Records supplied
....................

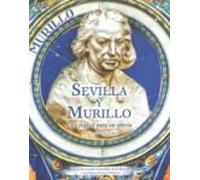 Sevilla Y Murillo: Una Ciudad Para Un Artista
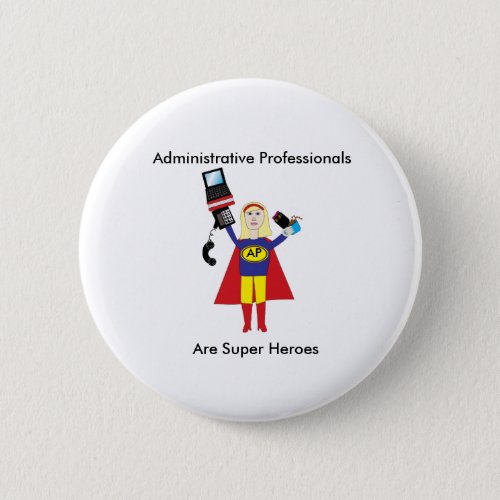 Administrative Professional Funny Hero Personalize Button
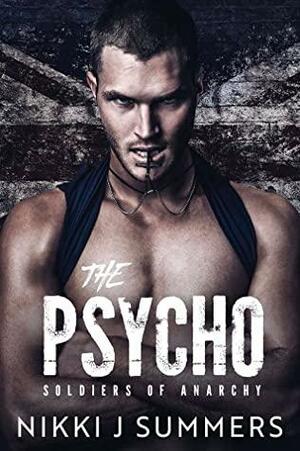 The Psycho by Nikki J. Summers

....................

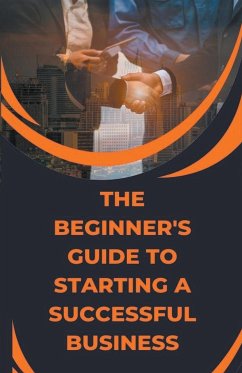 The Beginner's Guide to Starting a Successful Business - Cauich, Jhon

....................

Print exactly the lines above that run from the one with "Sevilla Y Murillo: Una" down to the one with "The Psycho by Nikki J. Summers", and omit the pictures.

 Sevilla Y Murillo: Una Ciudad Para Un Artista
 Administrative Professional Funny Hero Personalize Button
 The Psycho by Nikki J. Summers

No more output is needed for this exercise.